Dernier des cinq opéras en un acte commandés au jeune Rossini et créé en 1813, Il Signor Bruschino reprend les différents ingrédients de la farsa giocosa, et offre une soirée truculente aux spectateurs, malgré l’absence de mise en scène. Se retrouvent en effet dans cet opéra tous les ingrédients qui font le succès du compositeur : une intrigue à la fois complexe et compréhensible, des personnages stéréotypés et une musique alternant beau chant, crescendos et scènes d’ensemble.
L’intrigue est une succession de quiproquos et de manigances où deux amants, Sofia et Florville, tentent de forcer le destin, en l’occurrence le père de la jeune fille qui refuse l’union de sa fille. Florville se fait donc passer pour le fils du Signor Bruschino. S’ensuivent de savoureuses scènes de quiproquos magnifiquement interprétés par les chanteurs, mais aussi le chef d’orchestre qui devient alors le confident de leurs projets.
Sous la direction précise et vigoureuse d’Enrique Mazzola qui semble sculpter la musique pour mieux en faire ressortir les aspérités, l’orchestre national d’Ile-de-France, malgré son effectif réduit, fait ressortir dès les premières notes le côté comique de l’opéra, tout en montrant un plaisir gourmand à jouer cette musique légère et chatoyante. Les airs virtuoses sont soutenus par l’orchestre, tout comme le magnifique solo de hautbois qui introduit l’air de Sofia.

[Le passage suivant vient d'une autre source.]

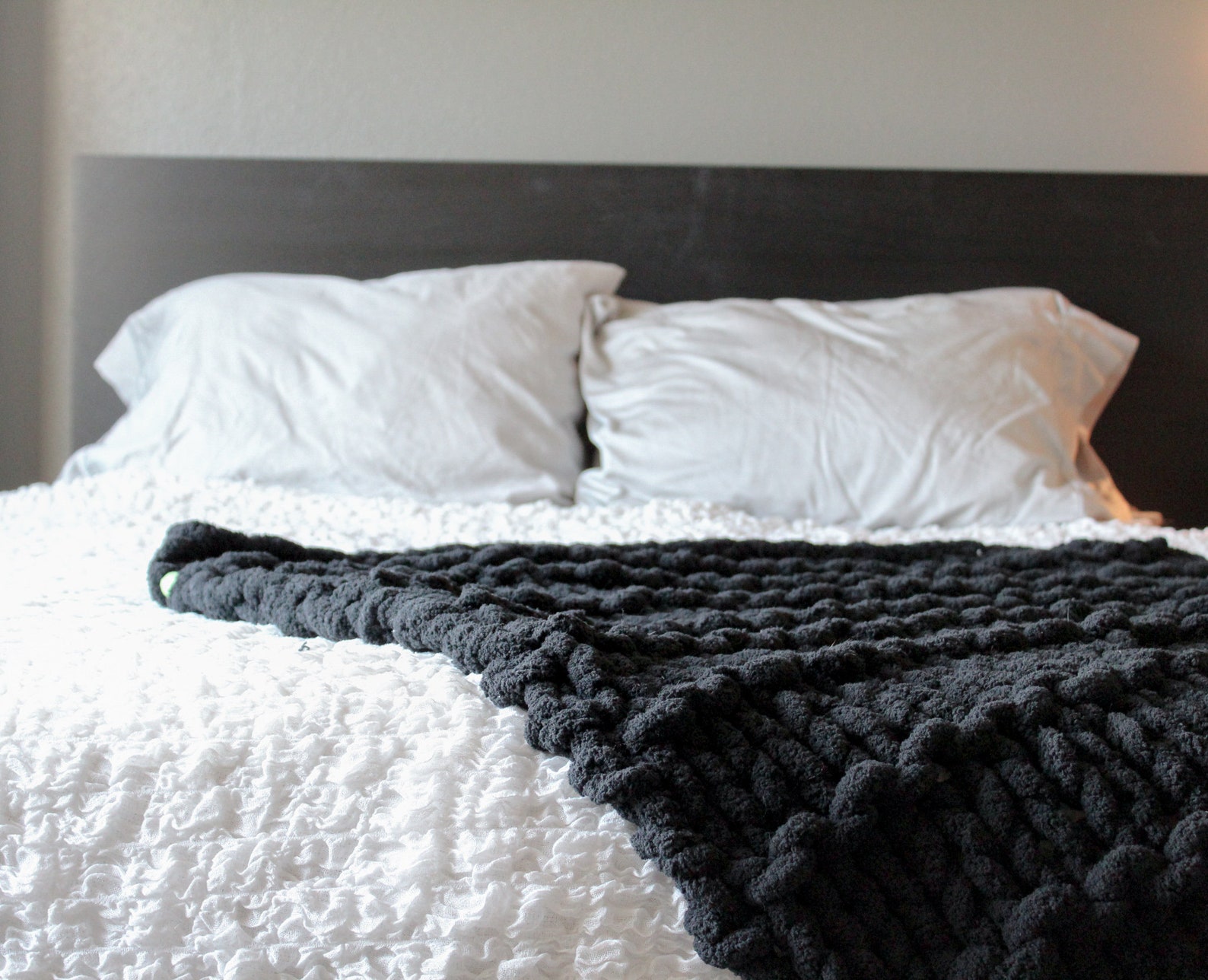 Black Chunky Knit Blanket Etsy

Le plateau vocal est dominé par Alessandro Corbelli, incarnant Il Signor Bruschino, qui dès son entrée scande avec sa canne les coups d’archet des musiciens sur leurs pupitres. S’il répète inlassablement qu’il fait chaud, « Oh, che caldo ! », il projette sa voix sans effort pour épouser les différentes étapes de son rôle. Cajolé puis rejeté par Sofia, ridiculisé par celui qui se fait passer pour son fils et par Gaudenzio, puis tenant sa revanche quand il comprend la situation, il est à la fois drôle et émouvant et livre un jeu d’une grande finesse et une voix d’une grande profondeur.